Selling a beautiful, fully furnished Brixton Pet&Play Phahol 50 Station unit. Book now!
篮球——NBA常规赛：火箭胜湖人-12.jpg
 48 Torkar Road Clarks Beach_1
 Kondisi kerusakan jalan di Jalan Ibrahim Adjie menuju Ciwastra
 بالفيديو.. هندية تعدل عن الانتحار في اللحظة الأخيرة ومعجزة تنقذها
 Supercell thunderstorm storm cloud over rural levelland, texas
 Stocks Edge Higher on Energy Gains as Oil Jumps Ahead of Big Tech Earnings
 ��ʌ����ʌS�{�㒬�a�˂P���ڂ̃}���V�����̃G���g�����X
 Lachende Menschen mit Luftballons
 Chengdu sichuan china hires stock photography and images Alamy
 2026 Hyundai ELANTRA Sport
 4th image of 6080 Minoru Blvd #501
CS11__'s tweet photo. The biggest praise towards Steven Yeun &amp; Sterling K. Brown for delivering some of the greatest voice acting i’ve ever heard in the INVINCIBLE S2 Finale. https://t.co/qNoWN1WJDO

################

All lines from the one containing "Supercell thunderstorm storm" through the final line of the records above are to be set down exactly, and no other line is to appear.

 Supercell thunderstorm storm cloud over rural levelland, texas
 Stocks Edge Higher on Energy Gains as Oil Jumps Ahead of Big Tech Earnings
 ��ʌ����ʌS�{�㒬�a�˂P���ڂ̃}���V�����̃G���g�����X
 Lachende Menschen mit Luftballons
 Chengdu sichuan china hires stock photography and images Alamy
 2026 Hyundai ELANTRA Sport
 4th image of 6080 Minoru Blvd #501
CS11__'s tweet photo. The biggest praise towards Steven Yeun &amp; Sterling K. Brown for delivering some of the greatest voice acting i’ve ever heard in the INVINCIBLE S2 Finale. https://t.co/qNoWN1WJDO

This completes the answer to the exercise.